I'm not sure how I feel about merging the demographics back into genres (I believe it was that way originally). I don't know if it'll make any difference or not.

That being said, I agree that there are lots of series that don't fall under under of those four bucket demographics, so perhaps the upload UI could make that more clear: e.g. "Demographic is based on the magazine that it's published in, NOT the content. If the demographic isn't clear, leave this field blank!"

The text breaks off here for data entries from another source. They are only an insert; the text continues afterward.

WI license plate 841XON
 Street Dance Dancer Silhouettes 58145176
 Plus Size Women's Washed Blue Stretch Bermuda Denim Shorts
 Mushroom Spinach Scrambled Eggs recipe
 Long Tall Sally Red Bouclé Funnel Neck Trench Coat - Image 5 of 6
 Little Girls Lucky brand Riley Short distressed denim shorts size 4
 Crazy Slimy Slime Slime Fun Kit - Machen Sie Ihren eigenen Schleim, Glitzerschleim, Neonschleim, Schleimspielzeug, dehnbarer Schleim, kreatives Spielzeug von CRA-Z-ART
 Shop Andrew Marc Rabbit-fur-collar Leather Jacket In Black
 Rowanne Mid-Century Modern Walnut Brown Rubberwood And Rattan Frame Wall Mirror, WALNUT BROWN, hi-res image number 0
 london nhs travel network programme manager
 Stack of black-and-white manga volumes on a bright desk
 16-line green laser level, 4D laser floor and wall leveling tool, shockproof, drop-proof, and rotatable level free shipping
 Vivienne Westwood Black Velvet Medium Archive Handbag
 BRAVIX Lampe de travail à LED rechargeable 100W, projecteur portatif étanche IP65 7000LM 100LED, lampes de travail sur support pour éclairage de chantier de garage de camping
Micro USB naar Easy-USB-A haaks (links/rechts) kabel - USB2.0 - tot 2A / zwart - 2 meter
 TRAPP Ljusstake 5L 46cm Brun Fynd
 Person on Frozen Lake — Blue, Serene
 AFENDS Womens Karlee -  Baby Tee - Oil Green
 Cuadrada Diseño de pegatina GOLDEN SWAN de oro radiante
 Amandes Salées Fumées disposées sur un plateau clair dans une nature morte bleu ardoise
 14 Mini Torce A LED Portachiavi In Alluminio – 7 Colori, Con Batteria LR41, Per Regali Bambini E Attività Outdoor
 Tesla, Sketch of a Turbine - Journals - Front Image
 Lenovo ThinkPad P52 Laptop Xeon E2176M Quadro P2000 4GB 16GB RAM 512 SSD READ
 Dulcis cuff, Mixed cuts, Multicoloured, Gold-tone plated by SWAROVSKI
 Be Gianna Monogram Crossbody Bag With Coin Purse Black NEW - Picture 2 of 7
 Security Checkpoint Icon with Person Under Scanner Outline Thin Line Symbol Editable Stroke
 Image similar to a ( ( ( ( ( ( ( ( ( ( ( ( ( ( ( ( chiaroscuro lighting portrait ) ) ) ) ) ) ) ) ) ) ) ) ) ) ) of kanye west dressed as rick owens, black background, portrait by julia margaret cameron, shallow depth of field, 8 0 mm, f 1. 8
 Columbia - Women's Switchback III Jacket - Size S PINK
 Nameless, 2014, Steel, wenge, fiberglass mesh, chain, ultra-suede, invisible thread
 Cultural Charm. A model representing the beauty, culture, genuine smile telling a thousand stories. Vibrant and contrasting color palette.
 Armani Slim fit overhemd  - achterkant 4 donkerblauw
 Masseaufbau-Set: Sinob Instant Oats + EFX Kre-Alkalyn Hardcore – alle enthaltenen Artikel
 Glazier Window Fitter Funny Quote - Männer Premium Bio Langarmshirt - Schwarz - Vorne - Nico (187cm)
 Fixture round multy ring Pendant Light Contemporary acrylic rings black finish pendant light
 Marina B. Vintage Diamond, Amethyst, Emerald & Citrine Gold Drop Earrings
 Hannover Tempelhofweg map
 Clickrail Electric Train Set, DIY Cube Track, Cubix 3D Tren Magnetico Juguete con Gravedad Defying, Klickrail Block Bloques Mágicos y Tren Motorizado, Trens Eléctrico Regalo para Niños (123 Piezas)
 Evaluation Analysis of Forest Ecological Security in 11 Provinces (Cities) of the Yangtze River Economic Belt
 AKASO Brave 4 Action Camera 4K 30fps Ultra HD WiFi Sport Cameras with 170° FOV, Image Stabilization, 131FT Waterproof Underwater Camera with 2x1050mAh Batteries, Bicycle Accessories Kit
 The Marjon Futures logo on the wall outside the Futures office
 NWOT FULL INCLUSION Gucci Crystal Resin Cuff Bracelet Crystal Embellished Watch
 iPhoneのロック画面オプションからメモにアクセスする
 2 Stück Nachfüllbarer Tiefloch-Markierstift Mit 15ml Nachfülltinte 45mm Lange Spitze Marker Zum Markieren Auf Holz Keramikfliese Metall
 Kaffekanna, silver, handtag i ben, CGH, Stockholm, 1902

Because of course, there are manga have been moved around to different magazines that have different demographics, there are some magazines that have changed their target demographic, there are magazines out there that are neither shounen, seinen, shoujo, nor josei (e.g. yuri magazines, children's magazines), there are series that aren't even published in magazines (e.g. doujinshi, Pixiv/Twitter comics), and there are lots of series that aren't even manga (e.g. Korean or Chinese comics), so does it even really make sense to apply these demographic labels in these cases?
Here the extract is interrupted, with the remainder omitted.